Recently, Anthropic's highly anticipated AI security analysis model, Mythos, faced an unexpected "defeat" in the open-source community. Although the company had previously promoted the model's extraordinary ability to detect source code vulnerabilities, even delaying its public release, the test on the globally renowned open-source tool curl revealed a somewhat disappointing result: after a rigorous scan of 176,000 lines of code, only one low-risk vulnerability was confirmed.

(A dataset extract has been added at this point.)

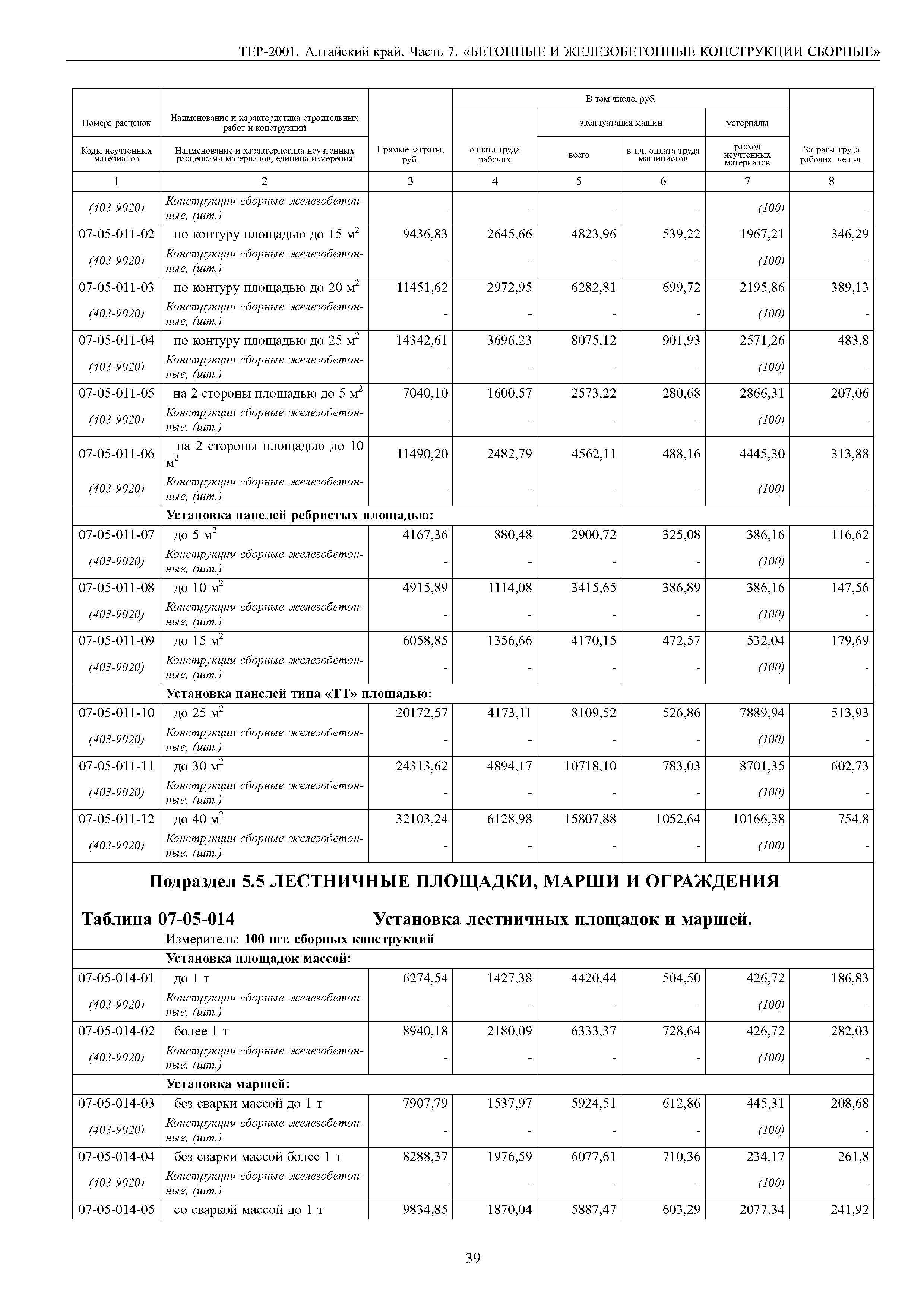 ТЕР Алтайский край 2001-07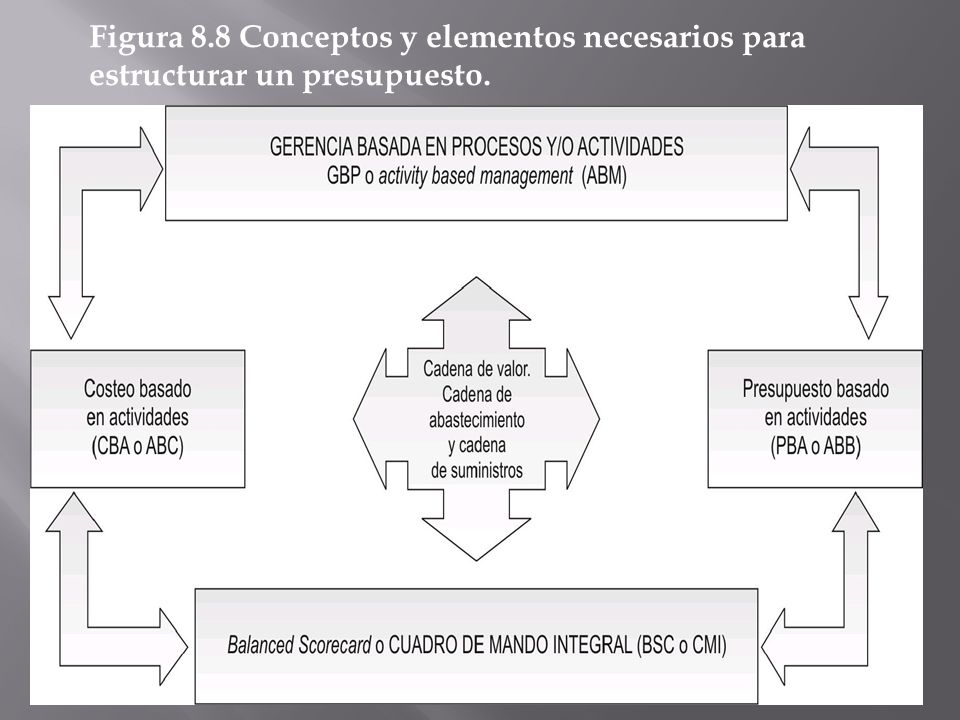 Figura 8.8 Conceptos y elementos necesarios para estructurar un presupuesto.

The test was initiated by Daniel Stenberg, the founder of the curl project. He obtained limited testing access to Mythos through related projects, aiming to conduct a thorough "health check" for this widely used network transfer tool with over 200 billion installations. The curl codebase is known for its extremely high security engineering standards, having been meticulously refined by hundreds of contributors and continuously subjected to various automated scans and expensive professional audits.

The initial phase of the test appeared promising. Mythos' initial report claimed to have discovered "5 confirmed security vulnerabilities," but after several hours of manual verification by the curl security team, these results quickly shrank: three were determined to be false positives, simply reflecting normal behavior as described in the documentation; one was classified as a regular bug without security threats. In the end, only one vulnerability remained, rated as "low" in severity.

Regarding this outcome, Stenberg openly pointed out that Anthropic's so-called "dangerous capabilities" seemed more like a successful marketing campaign. He stated that long before Mythos, the curl team had already fixed hundreds of bugs using multiple AI security tools, and the first tools often picked up "low-hanging fruits." As the codebase became increasingly refined, it has become significantly harder for AI to uncover deep-seated new vulnerabilities.

However, Stenberg did not entirely dismiss the value of AI. He acknowledged that compared to traditional static analyzers, AI tools like Mythos have significant advantages in understanding protocol specifications, identifying discrepancies between comments and code, and simulating configuration checks in complex environments. They are more like a knowledgeable and skilled assistant, although their suggested fixes are not always 100% accurate.

This real-world test sent a warning to the industry: although AI has brought a qualitative improvement in code auditing, it can currently only detect "known types" of errors, rather than creating entirely new logic for vulnerability detection. In ensuring core security, rigorous security engineering practices—such as building defensive infrastructures and strict numerical limit restrictions—remain a more reliable "silver bullet" than AI tools.